In a defense cell, this kind of information sharing needs to be targeted in a way that reduces the amount of useless information for the recipients, and the information that is delivered should always be actionable for the recipient in some practical way. The motivation to consume and use the received information is easily frustrated by providing information that requires a verdict or analysis whether it can be used in the Nodes environment. There is plenty of highly automatable information available for the Hubs, so getting started with this kind of sharing is not a problem. Avoiding drowning the recipients with unnecessary information is a much bigger challenge.

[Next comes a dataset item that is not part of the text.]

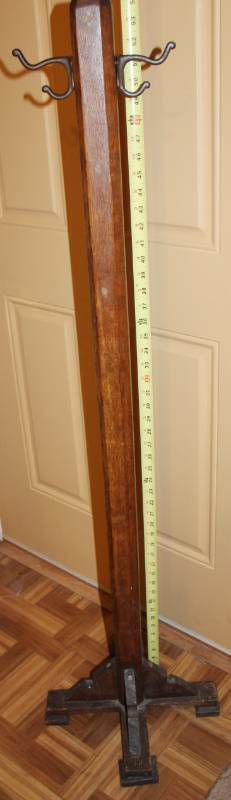 lot 1591 image: Hall Coat Tree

Information sharing can be arranged at human-to-human and machine-to-machine level, or it could be mixed. Because automation is a defining characteristic of a defense cell and the whole purpose is to scale this up to larger numbers Nodes, in a defense cell we first focus on the machine-to-machine level sharing, even though sharing between people may well already exist in parallel for some organizations. Creating a defense cell requires identifying the intelligence packages that can be shared without human intervention and then forming the links between the organizations to do so. Since our aim is large-scale adoption, setting up the sharing between Hubs and Nodes needs to have as little friction as possible to be successful. The shared information needs to be simple enough so that it can be shared with different stakeholders without the need for the recipient organization to have trained cybersecurity experts to make use of it. Those experts don’t exist in most organizations, so we need to bring this information to the network and systems administrators who are already there.
Hubs and Nodes get situational awareness
Both Hubs and Nodes in a defense cell have a need for situational awareness of what is happening, with the difference that Hubs care more about the wider context while the Nodes care more about their internal situation. Information gathering is one of the primary functions in a defense cell. When normalized, that collected information can provide rich material for generating practical awareness of what is happening. By combining this collected information with feedback from the other members of the defense cell in an automated way it leads to a powerful capability to observe what is happening within the defense cell. The feedback between Hubs and Nodes can be sightings in the most basic form, but also new intel that is related to the received indicators and valuable to other members of the defense cell.
In summary, thinking about cyber defense in terms of the defense cells helps us see how the members can organize, and how they can communicate with other cells through the Hubs. Once an organization understands their role in the defense cell, it becomes clearer which activities contribute to the collective defense and what they can expect from their peers. When we look at the motivations from the scaling and automation perspective it helps us see the important points for implementing this in practice. We identify the key benefits: up-to-date threat information that reaches a larger group of defenders and making use of existing resources to make those organizations more robust. We can minimize the use of the precious human resources and reap the benefits of a network effect in situational awareness through the feedback.